## Supplied material
....

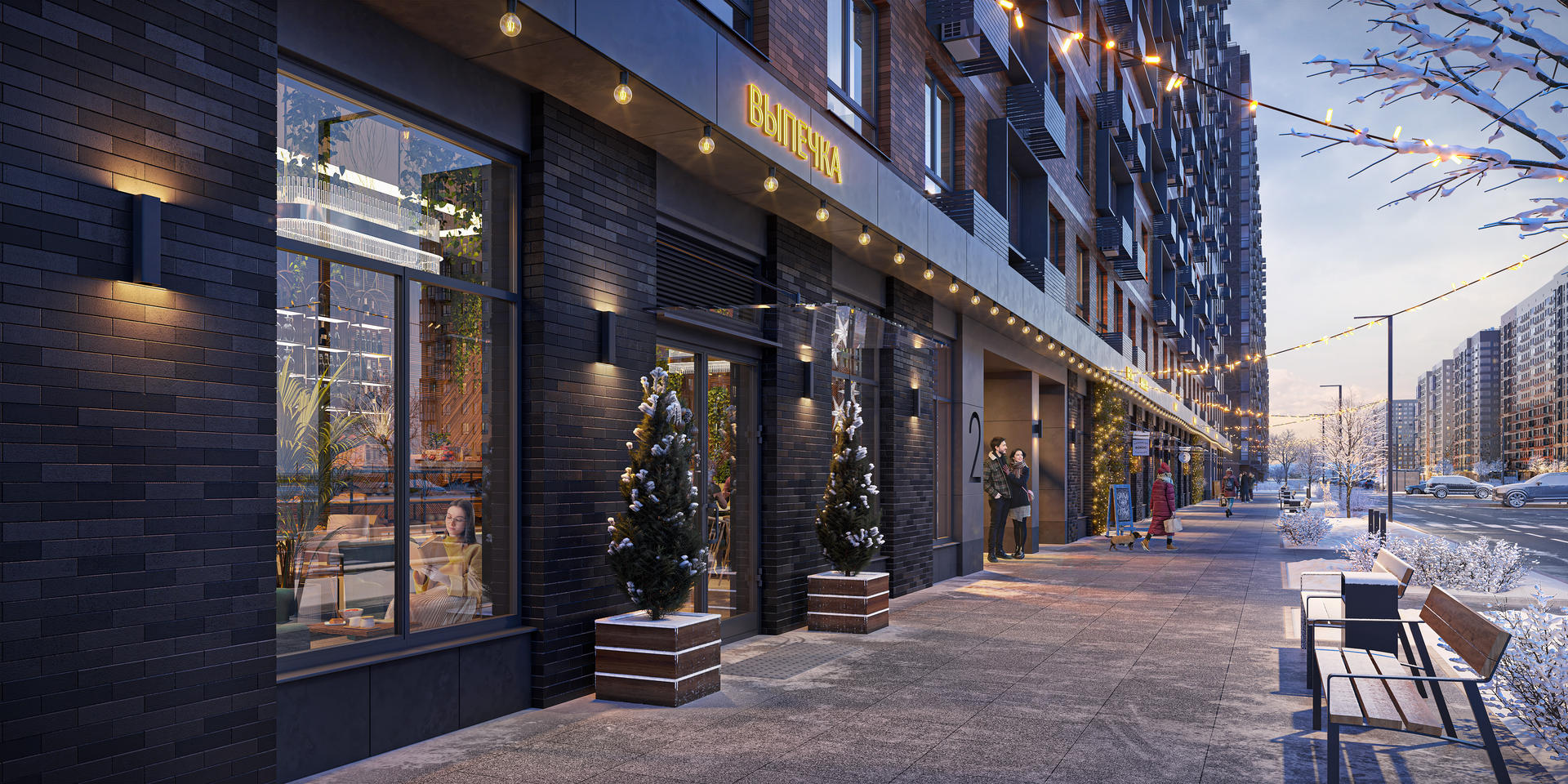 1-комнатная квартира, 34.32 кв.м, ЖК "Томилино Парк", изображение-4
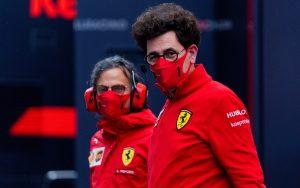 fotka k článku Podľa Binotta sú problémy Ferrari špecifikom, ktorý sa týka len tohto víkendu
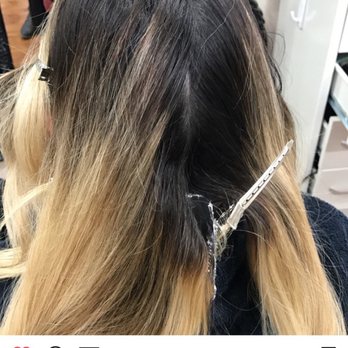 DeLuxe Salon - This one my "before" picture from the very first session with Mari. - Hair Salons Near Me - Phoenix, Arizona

....

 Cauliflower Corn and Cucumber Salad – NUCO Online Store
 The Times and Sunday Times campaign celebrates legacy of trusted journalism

....

## Brief
Repeat exactly the stretch of the listing above that starts with the line holding "1-комнатная квартира, 34.32" and finishes with the line holding "DeLuxe Salon - This", both included. Skip every picture.

## Response to the exercise
 1-комнатная квартира, 34.32 кв.м, ЖК "Томилино Парк", изображение-4
 fotka k článku Podľa Binotta sú problémy Ferrari špecifikom, ktorý sa týka len tohto víkendu
 DeLuxe Salon - This one my "before" picture from the very first session with Mari. - Hair Salons Near Me - Phoenix, Arizona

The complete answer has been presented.